Bog post by David Adamson & Adam Loch
Well last night’s Federal Budget (here) raised the possibility that the Federal Government would buy out NSW and VIC share of the current Snowy Hydro Scheme. While the Budget talk (no we haven’t trawled through all the Budget documents, here) failed to mention any funding to this process, it is likely that this process will be linked to the thought bubble released on the Snowy Mountains Scheme 2.0.
Version 2.0 of the Snowy expects increase electricity generation from the current scheme by 2000 megawatts (50% increase). While no official figures on costs have been forthcoming, it was guestimated to cost at least $2 billion.
While hydropower offers the ability to produce electricity at very low carbon levels (remember to account for the imbedded carbon in the plant and its construction), we must remember a small issue. Australia occasionally gets droughts. As the dam levels for Lake Eucumbene highlight, sometimes there is not a lot of water in the dams. (Lake data chart from)

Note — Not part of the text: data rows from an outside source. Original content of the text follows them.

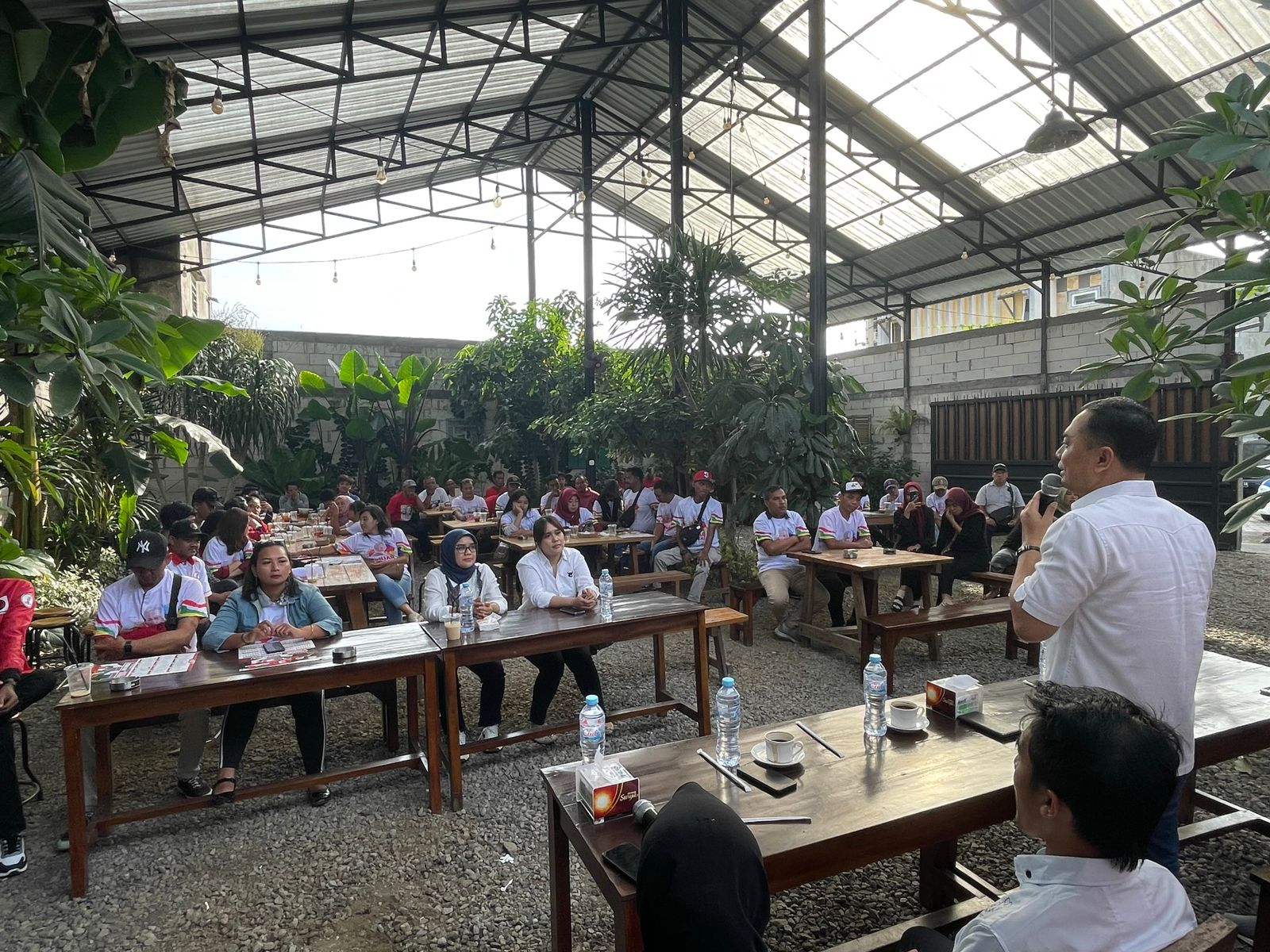 Ketua TMP Jawa Timur, Eri Cahyadi, menyampaikan keberpihakan serta komitmen Ganjar - Mahfud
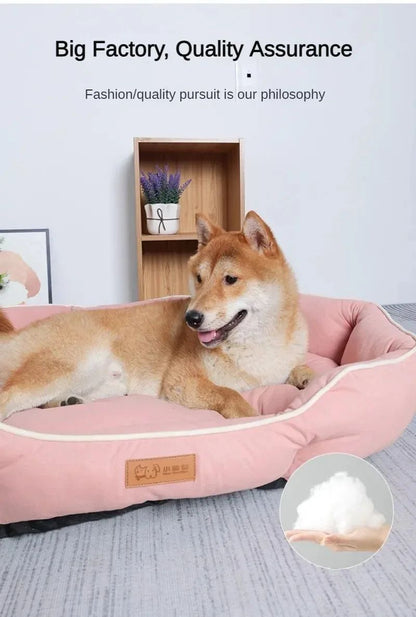 Winter Dog Sofa Big Bed Pets Dogs Accessories Small Breeds Accessory Bedding Pet Supplies Cushions Mat Bad Blanket Cushion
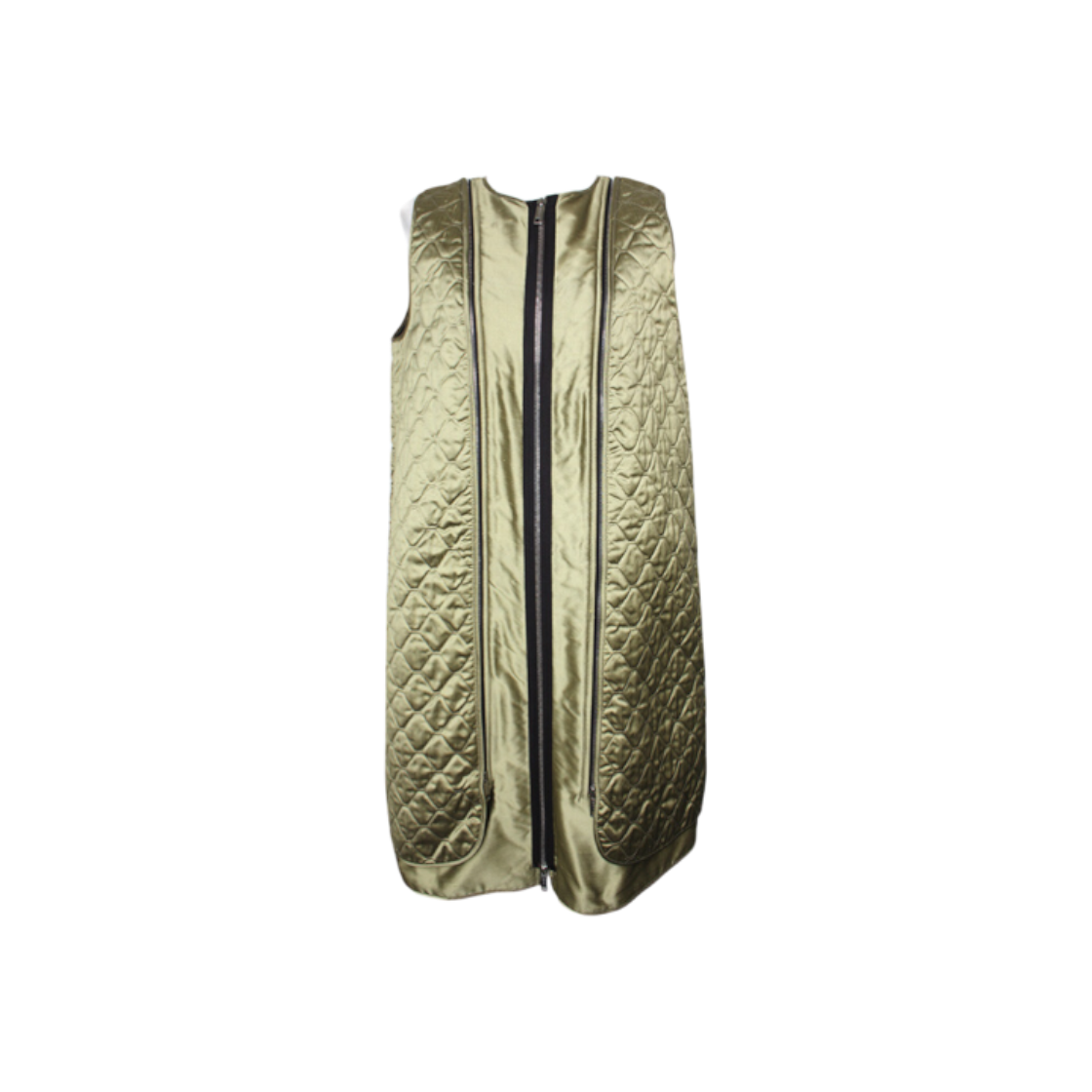 막스마라 올리브그린 퀼팅 롱베스트 66(Max Mara Olive Green Quilted Long Vest 66)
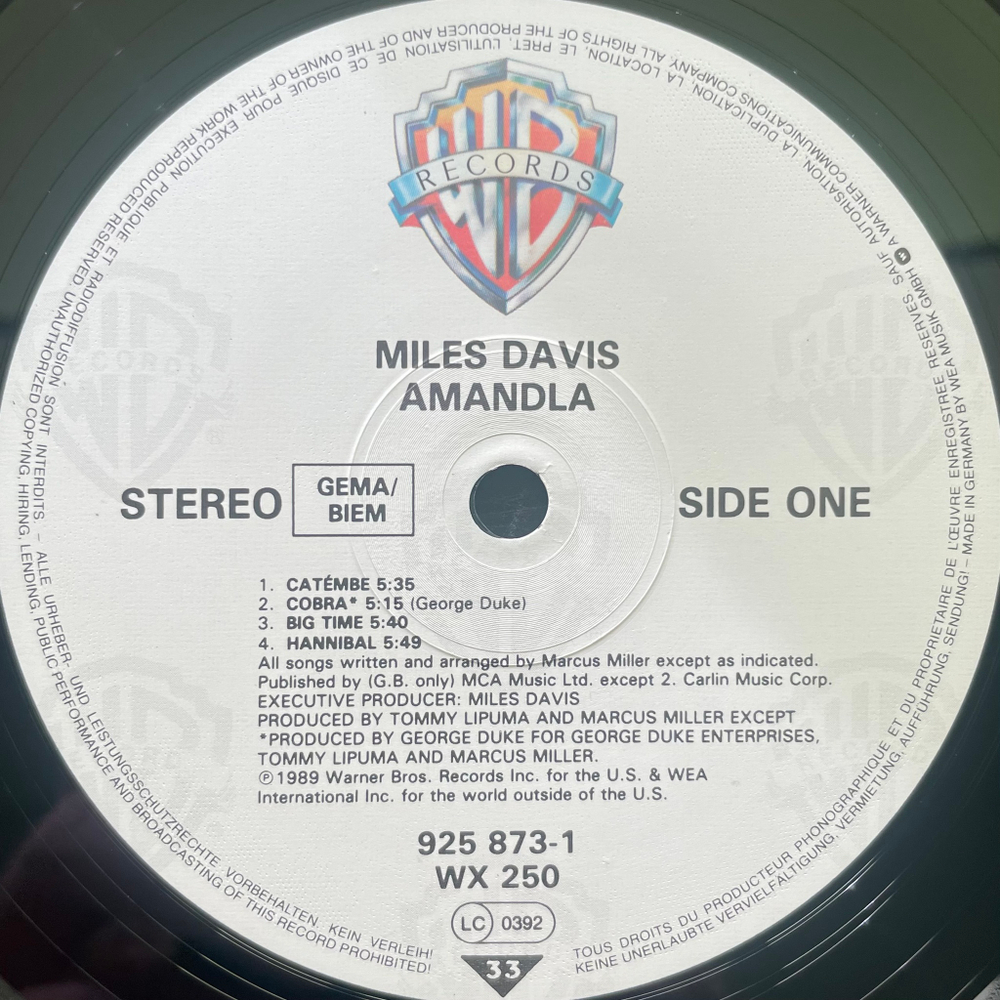Miles Davis ‎– Amandla (Германия 1989г.)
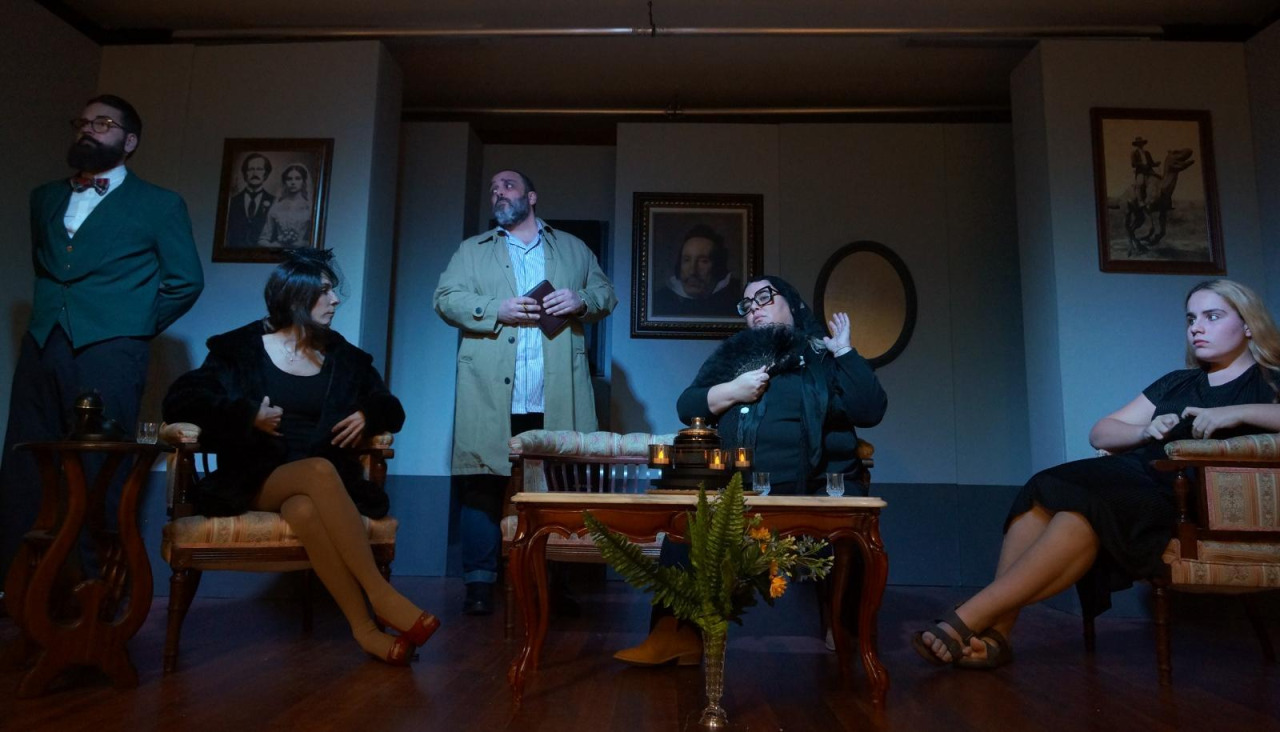La compañía Teatro do Astaleiro, que se integra dentro del Grupo Bazán, representará "O caso do cadáver asasinado"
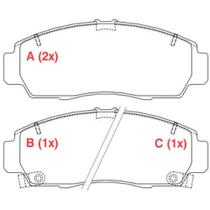 Pastilha de Freio Honda Civic 2013 a 2015 WILLTEC PW641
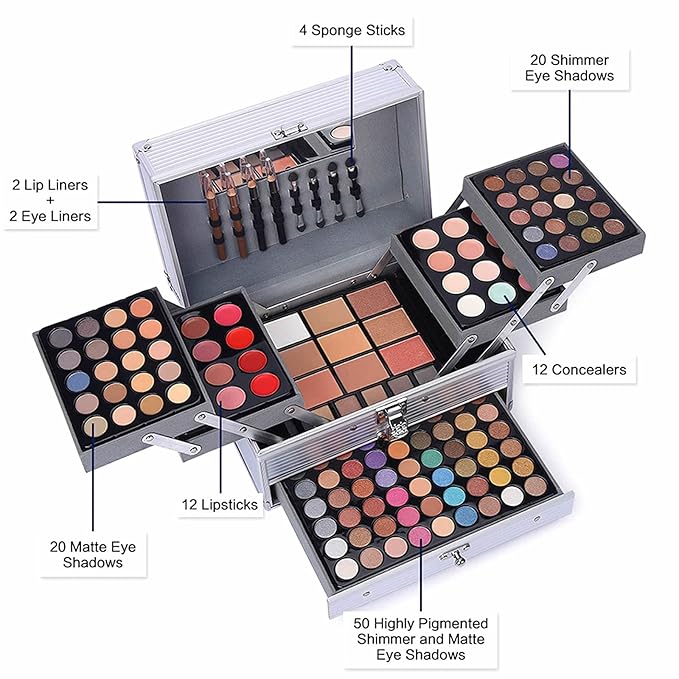 132 Color All In One Makeup Kit,Professional Makeup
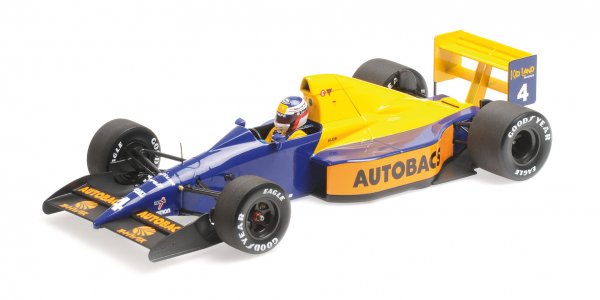 Tyrrell 018 Jean Alesi Japanese GP 1989 Minichamps 1:18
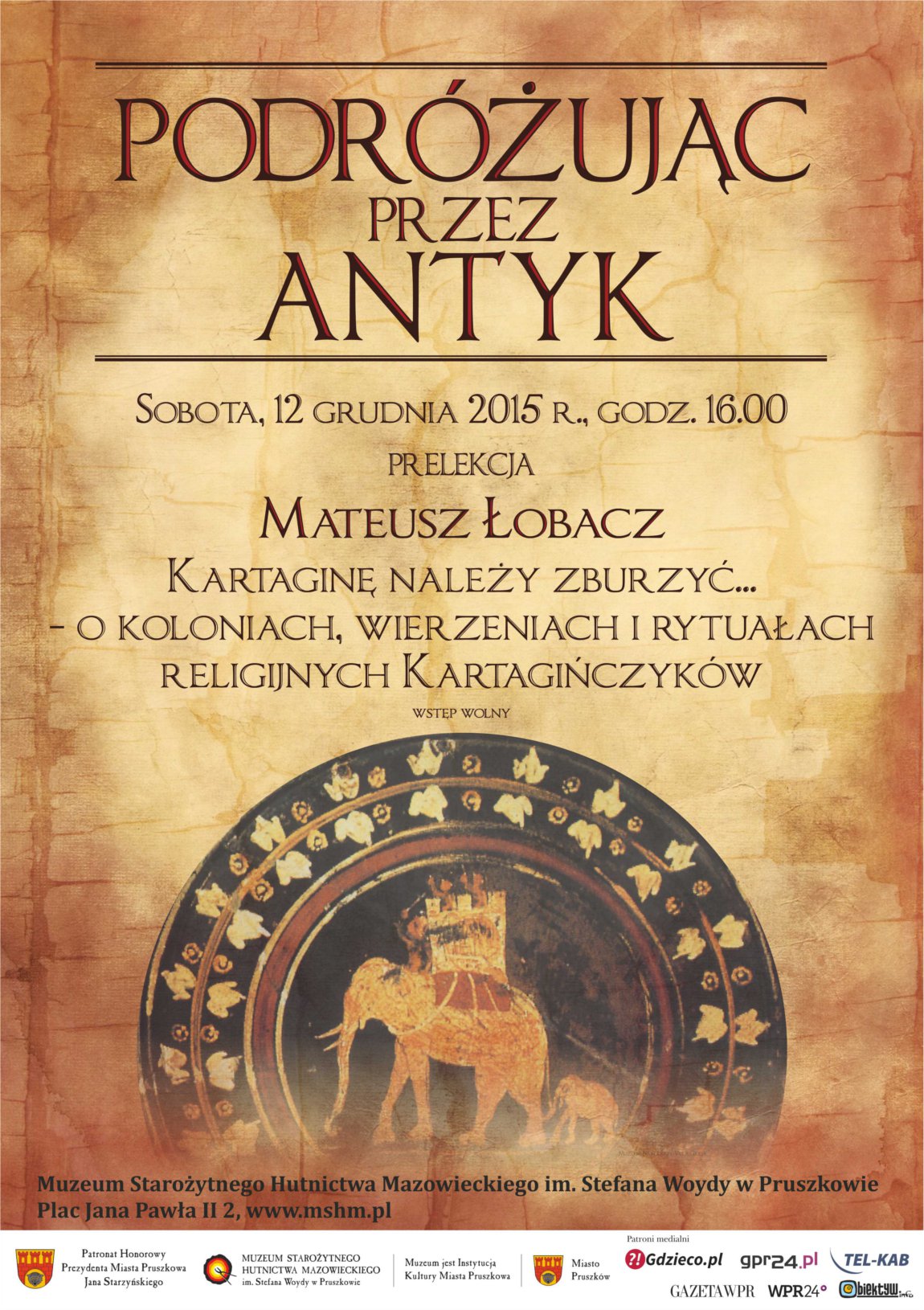 Podróżując przez Antyk plakat 12.12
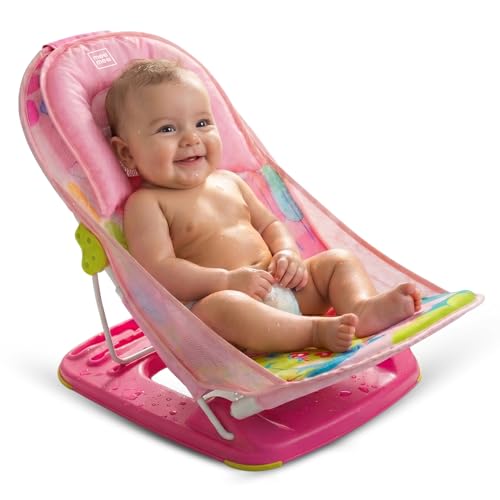 Mee Mee Foldable Baby Bather with 3 Recline Positions & Head Support | Anti-Skid Base, Breathable...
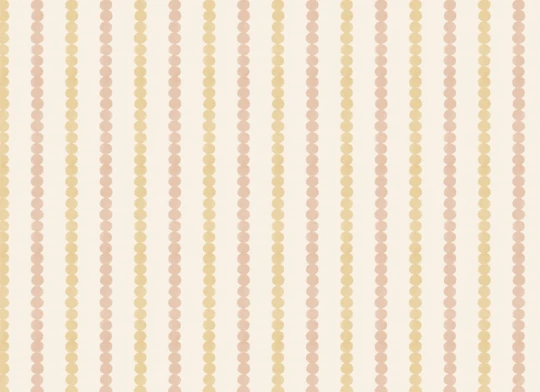 Hovia ST51120MU07W Bobble Pink & Yellow - mural w pasy z kropek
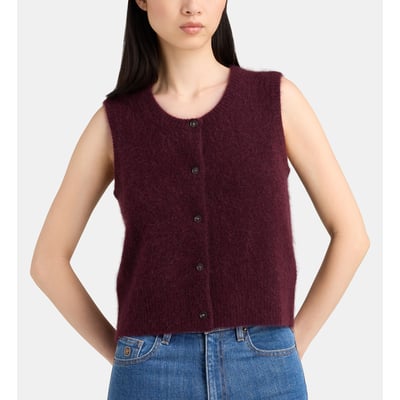 Gilet sans manches okamille maille longue soyeuse JODHPUR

This lack of water then impacts on the quantity of power that can be produced. (Hydro electricity Chart data from). While the chart is for all hydro power in Australia, the severity of the Millennium Drought and its impact on hydro power is evident especially in the latter part 2006-2010.
The building of new infrastructure will require impounding more water. As water shares in the Snowy River are already allocated, where will this water come from and what are the negative impacts to water supplies from changing runoff patterns. With debate high about the need to increase flows into the Snowy River, what impact will the new infrastructure have on these plans?
Climate change is expected to alter both the mean and variance of rainfall and snowfall. The work undertaken during The Garnaut Climate Change Review (here) included a number of scenarios where future rainfall and snowfall in the Snowy region would be very low. The joint function of climate change and new water to be stored will place downward pressure on the reliability of existing property rights.
While the the combination of the: transition towards re-nationalising the energy grid (including gas reserves); and a lacklustre stance on climate change raises a number of important economic questions about what is going on in this space. Presently most of these ideas have not progressed beyond a thought bubble (i.e. no committed funding) but it looks time for a good debate over the future of energy in Australia.